How to Measure 1/3 Tsp Without a Measuring Spoon

One-third of a teaspoon is roughly 1.6 milliliters, a tiny amount you can approximate several ways without a dedicated measuring spoon. The easiest method is using your fingers: a generous pinch between your thumb and first two fingers gets you close. But there are more precise options depending on what you have in your kitchen.

Use a Kitchen Scale for the Best Accuracy

If you own a digital kitchen scale that reads in grams, weighing is more accurate than any visual trick. One-third of a teaspoon weighs different amounts depending on the ingredient, because density varies. Here are common weights for 1/3 teaspoon:

  • Salt: 2.0 g
  • Baking powder: 1.6 g
  • White sugar: 1.4 g
  • Brown sugar: 1.5 g
  • Flour: 0.9 g
  • Cocoa powder: 0.9 g
  • Cornstarch: 0.8 g
  • Honey: 2.3 g
  • Olive oil: 1.5 g

Most kitchen scales can read down to 1 gram, which makes this practical for denser ingredients like salt or sugar. For lighter powders like flour at 0.9 g, you’re pushing the limits of a standard scale, so rounding to 1 gram is reasonable.

The Finger Pinch Method

A single pinch, taken between your thumb and forefinger, equals roughly 1/8 of a teaspoon. To get to 1/3 teaspoon, you need about two and a half to three pinches. A quicker approach: use your thumb plus your index and middle fingers together to grab a larger pinch. Two of those generous three-finger pinches will land you in the right range.

This works best with granular ingredients like salt, sugar, or dried spices. It’s less reliable with fine powders like baking soda, which compact differently depending on how firmly you pinch.

The Thumb Tip Guide

Your thumb is a surprisingly useful measuring tool. The tip of your thumb, from the last knuckle to the end, holds roughly one full teaspoon of a dry ingredient when you scoop with it. To approximate 1/3 teaspoon, fill just the pad of your thumb tip, about one-third of the way from the nail to the knuckle. It’s imprecise, but for seasoning and spices where a small margin of error is fine, it works well enough.

Divide a Larger Spoon

If you have a 1/2 teaspoon measure but not a 1/3, fill the half teaspoon and then remove roughly a third of what’s in it. You’re aiming to keep about two-thirds of the scoop. For dry ingredients, use the tip of a butter knife to push away a small portion from one side. This gets you to approximately 1/3 teaspoon.
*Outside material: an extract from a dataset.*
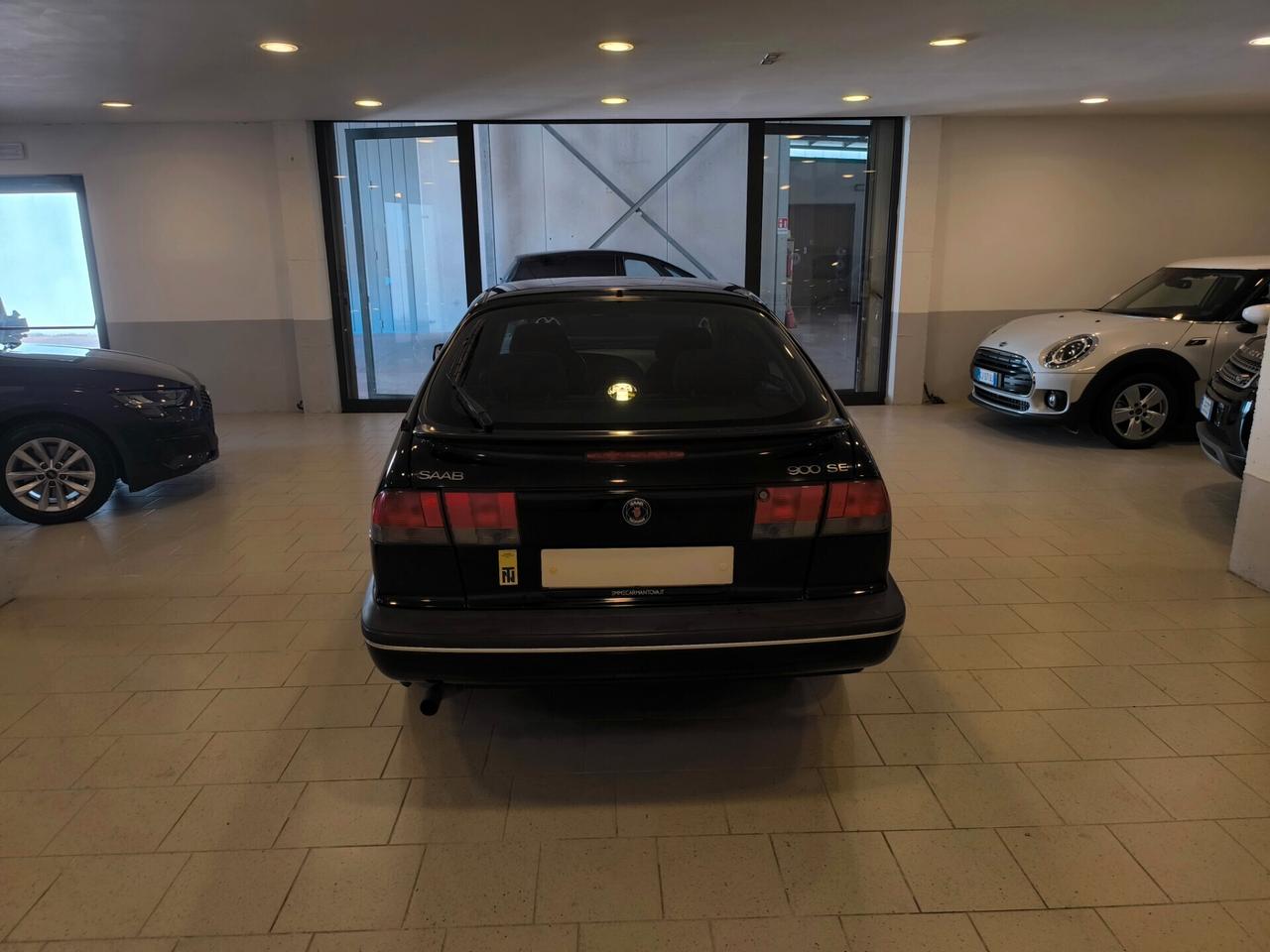 Saab 900 2.0i 16V cat 5 porte SE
If you only have a full teaspoon measure, fill it level and then divide the contents into three equal piles on a cutting board or plate. Each pile is 1/3 teaspoon. This visual division method is easiest with coarse ingredients like kosher salt or granulated sugar, where you can clearly see three distinct portions.

Use a Regular Silverware Spoon

A standard teaspoon from your silverware drawer holds close to 5 ml, nearly identical to a calibrated measuring teaspoon at 4.93 ml. The difference is negligible. So if you fill a regular small spoon about one-third of the way, that gets you in the right neighborhood. The challenge is eyeballing one-third of a rounded spoon bowl. Focus on covering just the deepest center portion, leaving the outer edges of the spoon empty.

Everyday Object Comparisons

For dry ingredients, 1/3 teaspoon is a very small volume. Picture three standard chocolate chips sitting side by side. That cluster is roughly 1/3 teaspoon. Another way to visualize it: a 1/3 teaspoon mound of salt or sugar on a flat surface is about the size of a pencil eraser, maybe slightly larger.

Many spice jars come with small built-in shaker holes or scoops. If your jar has a flip-top with a pour side and a spoon side, the spoon opening often holds between 1/4 and 1/2 teaspoon. Knowing which size your jar’s opening fits can help you calibrate by eye over time.

For Liquids, Count Drops

A standard teaspoon holds about 5 ml. One-third of a teaspoon is roughly 1.6 ml. A typical dropper or the natural drip from a bottle produces drops of about 0.05 ml each, meaning 1/3 teaspoon equals approximately 30 to 33 drops. This is most useful for liquid extracts like vanilla, where you can count drops from the bottle. For thicker liquids like honey or oil, drops are larger and less consistent, so weighing on a scale is a better option.

When Precision Matters and When It Doesn’t

For most cooking, especially seasoning with salt and spices, a rough estimate is perfectly fine. You’re tasting as you go and can adjust. The finger pinch or visual division method will serve you well here. Baking is where precision starts to matter more, particularly with leavening agents like baking powder and baking soda, where small differences change how your dough rises. If you’re baking and don’t have the right measuring spoon, a kitchen scale is your best backup. Even an inexpensive scale reading to 1 gram will get you closer than any visual trick for these ingredients.